Was für die großen privaten Stromanbieter auf dem Spiel steht, ist nicht nur das öffentliche Image. Es ist die Lebensfähigkeit eines Modells, das davon abhängt, dass der Regulierer weiterhin Margen von 15 % oder mehr in einem Kontext genehmigt, in dem die Schulden von Haushalten für öffentliche Dienstleistungen von Jahr zu Jahr steigen und in dem der Gegensatz zu günstigeren Alternativen immer sichtbarer und dokumentierter wird.

Das Energy and Policy Institute, das 110 private Stromanbieter analysierte, kam zu dem Schluss, dass "ein wesentlicher Teil dessen, was die Kunden für Elektrizität bezahlen, konstant zu den Investoren als Gewinn fließt". Diese Aussage ist kein moralisches Urteil, sondern eine Beschreibung der Mechanik der Wertverteilung im Sektor.
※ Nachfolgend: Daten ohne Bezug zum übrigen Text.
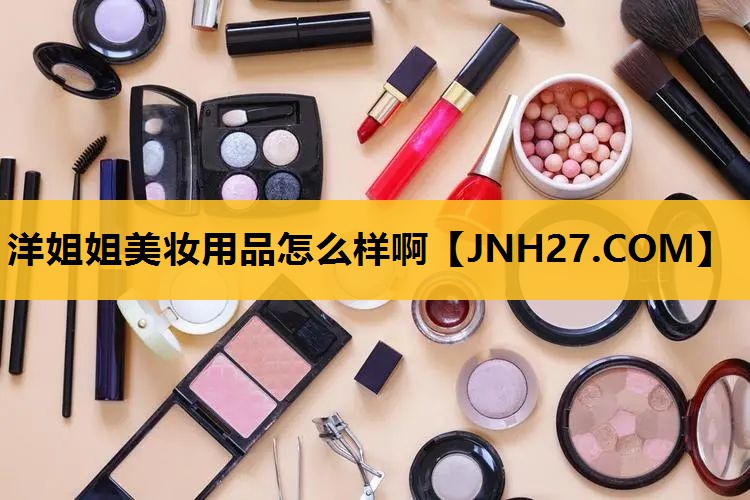 洋姐姐美妆用品怎么样啊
Und diese Mechanik hat eine strukturelle Verwundbarkeit: Sie funktioniert, solange der Kunde keine Alternative hat, und solange der Regulator nicht ausreichend Druck erfährt, um die zugelassenen Renditen zu hinterfragen.
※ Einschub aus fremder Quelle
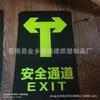 Glow-in-the-Dark Arrow Direction Floor Sticker for Safety Exits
Beide Bedingungen beginnen, sich gleichzeitig zu erodieren. Die Kommunen, die 15 % der Nutzer in Massachusetts mit Preisen von 20–50 % unter den privaten Anbietern bedienen, sind der empirische Beweis, im gleichen geografischen Gebiet, dass der Preisunterschied nicht durch Betriebskosten, sondern durch die Architektur der Verteilung der Überschüsse gerechtfertigt ist. Wenn dieser Beweis vom Nachbarfenster aus sichtbar ist, verliert das regulatorische Argument, das die privaten Margen stützt, sein wichtigstes Gut: die vergleichende Intransparenz.
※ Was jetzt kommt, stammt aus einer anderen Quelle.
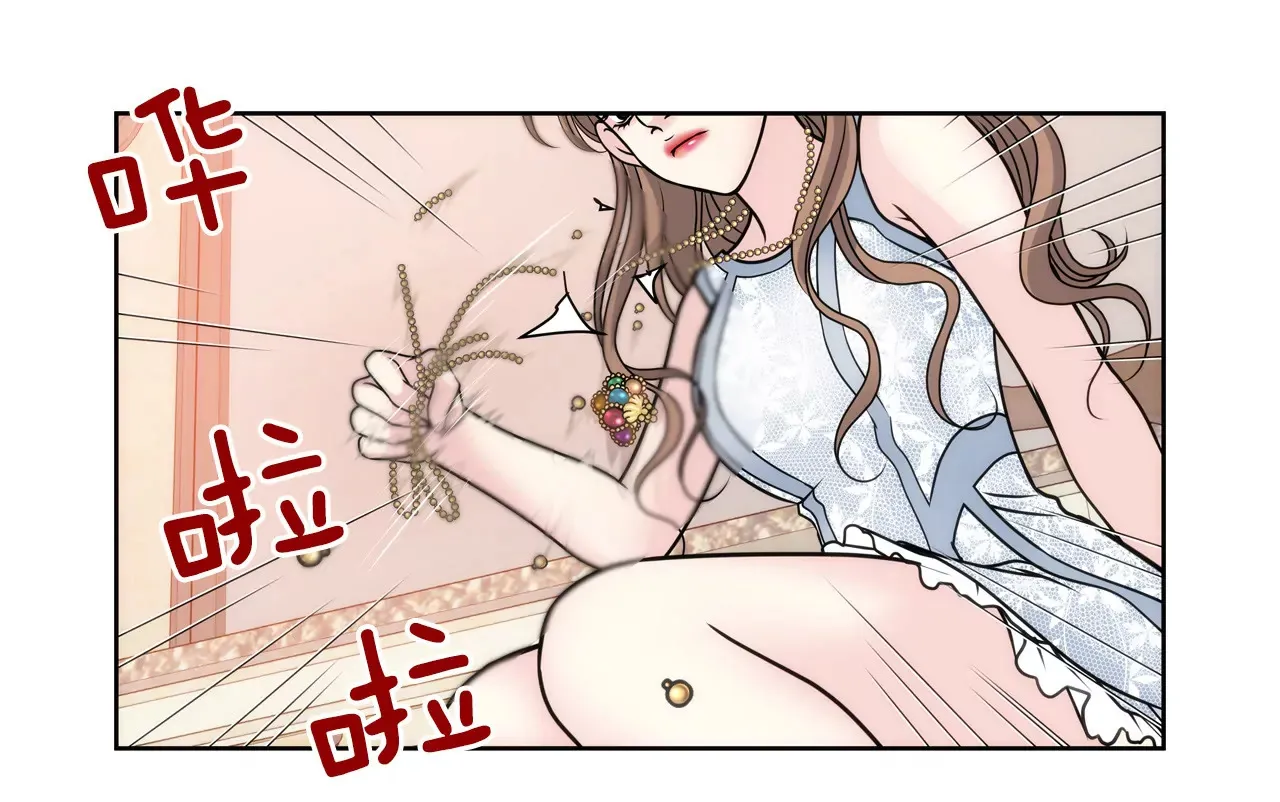 第41话 前男友与前夫 第19页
Die privaten Anbieter, die die nächste regulatorische Phase überstehen, werden diejenigen sein, die verstehen, dass das Zurückhalten von 15 Cent pro Dollar in einem Markt, in dem die gefangenen Kunden beginnen, sich politisch zu organisieren, kein nachhaltiger finanzieller Vorteil ist; es ist die Rechnung, die sich vor einer grundlegenden regulatorischen Korrektur ansammelt. Das kommunale Modell ist kein historisches Kuriosum aus Neuengland: Es ist der Beweis, dass die Verteilung von Wert an alle Akteure des Systems, einschließlich des Endverbrauchers, der einzige Weg ist, eine Position aufzubauen, die nicht davon abhängt, dass jemand den Vergleich zieht.